Task Completion Checklist
Before declaring task complete:
- All tests pass (specific failing test)
- Full test suite passes (no regressions)
- Root cause identified and documented
- All related errors fixed (not just first occurrence)
- Quality gates pass
- No new errors introduced
- Fix addresses root cause, not symptoms
Framework-Specific Quick Reference
Python (pytest)
Run tests:
uv run pytest tests/ -v # All tests
uv run pytest tests/test_file.py -vv # Specific file
uv run pytest tests/test_file.py::test_fn # Specific test
uv run pytest -k "pattern" -v # Pattern matching
uv run pytest --lf -v # Last failed
Common flags:
-v– Verbose-vv– Extra verbose-s– Show print statements--tb=short– Shorter traceback--tb=long– Full traceback--pdb– Drop into debugger on failure
JavaScript/TypeScript (Jest/Vitest)
Run tests:
npm test # All tests
npm test -- <test_file> # Specific file
npm test -- --testNamePattern="pattern" # Pattern matching
npm test -- --verbose # Verbose output
Jest flags:
--verbose– Detailed output--no-coverage– Skip coverage--detectOpenHandles– Find async issues--forceExit– Force exit after tests
Vitest flags:
--reporter=verbose– Detailed output--run– Run once (no watch)--coverage– Generate coverage
Go
Run tests:
go test ./... # All packages
go test -v ./pkg/service # Specific package
go test -run TestFunctionName # Specific test
go test -v -race ./... # Race detection
Rust
Run tests:
cargo test # All tests
cargo test test_function_name # Specific test
cargo test -- --nocapture # Show output
cargo test -- --test-threads=1 # Sequential
Examples
See examples.md for detailed walkthroughs of:
- Mock configuration debugging
- Business logic assertion failures
- Integration test issues
- Fixture scope problems
- Cross-framework patterns
Shell Scripts
- Test Skill Script – Helper script for testing and running test debug workflows
Requirements
Tools needed:
- Bash (for running tests)
- Read (for examining test and source files)

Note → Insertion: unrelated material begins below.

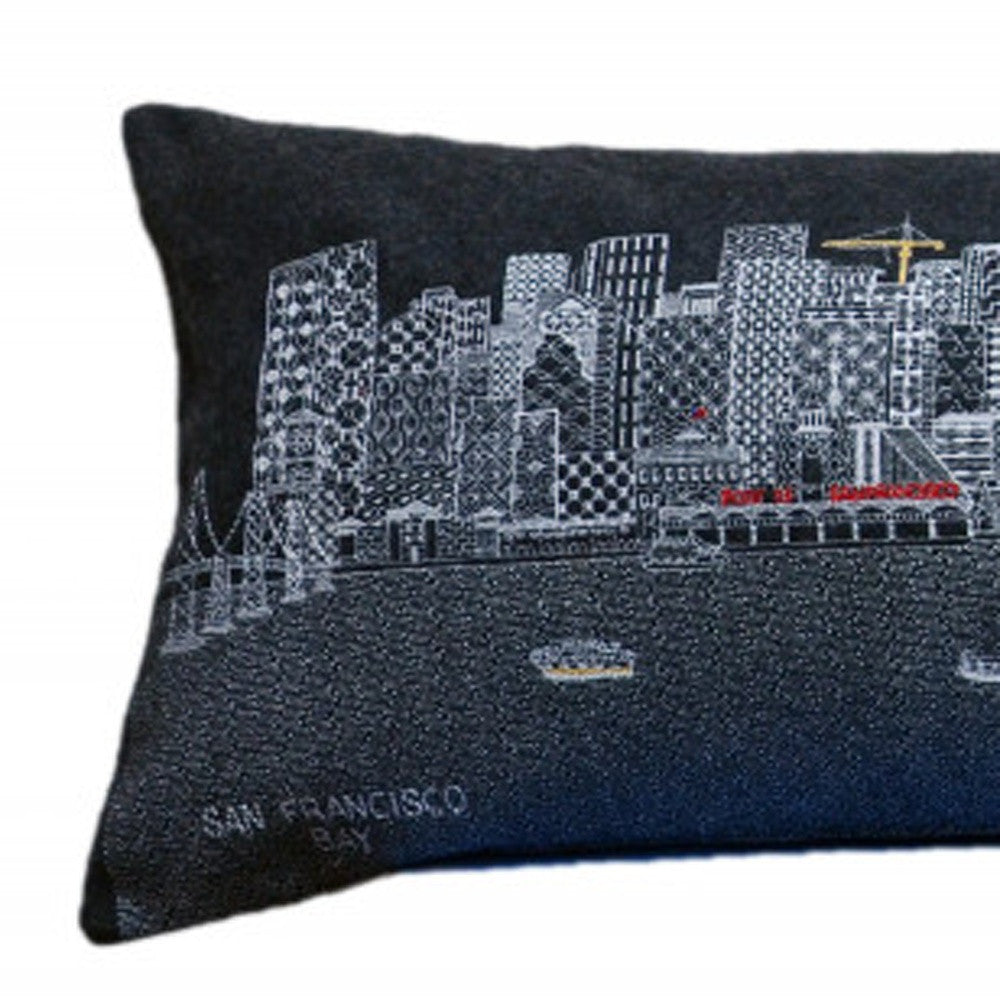 14" X 46" Black Gray and White Wool Zippered Pillow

- Grep (for finding all occurrences)
- Glob (for pattern matching)
- Edit/MultiEdit (for fixing code)
Test Frameworks Supported:
- Python: pytest, unittest
- JavaScript/TypeScript: Jest, Vitest, Mocha
- Go: go test
- Rust: cargo test
- Ruby: RSpec
Project-Specific:
- Access to test suite (tests/ directory)
- Access to source code under test
- Ability to run quality gates (./scripts/check_all.sh or equivalent)
Knowledge:
- Basic understanding of test framework syntax
- Ability to read stack traces
- Understanding of mock/fixture patterns
Related Documentation
- Project CLAUDE.md: Critical workflow rules and debugging approach
- Quality Gates: ../quality-run-quality-gates/references/shared-quality-gates.md
- Testing Strategy: Project-specific testing documentation
Philosophy
This skill enforces evidence-based debugging:
- See actual errors (not assumed errors)
- Understand root causes (not symptoms)
- Fix systematically (not randomly)
- Validate thoroughly (not superficially)
The goal is not speed. The goal is correctness.
Slow down. Read the errors. Understand the problem. Fix it properly.